The biggest problem with hooking up with an admin would obviously be the next day ramifications.  What are you gonna do when you wake up next to the woman who tapes your receipts for your expense reports and books your travel?  You want her to start inquiring why, exactly, you need to go to Atlanta for two days?  The common assumption is that they would jump to the conclusion that you’re suddenly dating/marriage track, but that seems unlikely in today’s progressive society.  The awkwardness of bumping into someone on the elevator who you drunkenly bumped body parts with can only be handled by certain individuals, individuals in possession of a steely resolve and a iron facade.  And the ability to take the taunting that their mates are gonna hurl their way.  Just don’t do it.

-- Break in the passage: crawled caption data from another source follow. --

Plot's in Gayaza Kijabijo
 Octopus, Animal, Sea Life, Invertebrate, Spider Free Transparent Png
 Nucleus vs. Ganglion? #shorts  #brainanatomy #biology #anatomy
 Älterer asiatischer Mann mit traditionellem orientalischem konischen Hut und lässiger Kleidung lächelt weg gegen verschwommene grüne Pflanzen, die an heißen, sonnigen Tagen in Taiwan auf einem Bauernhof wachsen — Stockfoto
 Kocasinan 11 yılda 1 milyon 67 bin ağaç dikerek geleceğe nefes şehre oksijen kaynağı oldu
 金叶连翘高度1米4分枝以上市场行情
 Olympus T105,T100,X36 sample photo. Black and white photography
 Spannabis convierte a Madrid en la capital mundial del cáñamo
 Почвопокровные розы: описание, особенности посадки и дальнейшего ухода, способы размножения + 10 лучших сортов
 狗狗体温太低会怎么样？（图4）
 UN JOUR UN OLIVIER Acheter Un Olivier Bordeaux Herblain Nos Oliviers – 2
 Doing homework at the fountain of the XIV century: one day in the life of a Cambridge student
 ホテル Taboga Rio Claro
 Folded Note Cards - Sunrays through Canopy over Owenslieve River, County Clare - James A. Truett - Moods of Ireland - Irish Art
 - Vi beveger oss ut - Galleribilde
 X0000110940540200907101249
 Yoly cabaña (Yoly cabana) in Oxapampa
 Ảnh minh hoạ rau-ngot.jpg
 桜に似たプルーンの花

Life experience:  I know a lad, let’s call him Xmashangover, who once violated rule number one on this list (he started early).  Later that night, as he was propped up in a corner wearing a jaunty Santa hat, an older, silicone-enhanced member of the administrative pool offered to help him find his way home.  Despite having a son older than Xmashangover, she predictably attempted to take advantage of his inebriated state.  In possession of the required steely resolve and iron facade, xmho dabbled (allegedly) briefly in some juvenile form of the black arts.  Ever the gentleman, he offered her an (expired) subway card to get home.  As the story goes, he bumped into her on the elevator immediately upon arriving at work the next afternoon  (It’s cool to go in at like 4:30 pm the day after the party).  He offered a brief “hey, how’s it going?” followed by an immediate return to a scintillating game of Brickbreaker.  And things were back to normal.  Textbook – but you need the resolve to pretend nothing ever happened and the facade to never let her see you sweat.  And a sense of humor about hooking up with someone older than your own mom.

Guidance:  Ask yourself how you would deal with a face-to-face meeting, alone in the elevator with the temporary object of your affection.  If your face is glowing crimson, then just move on.  Steel resolve/iron facade required.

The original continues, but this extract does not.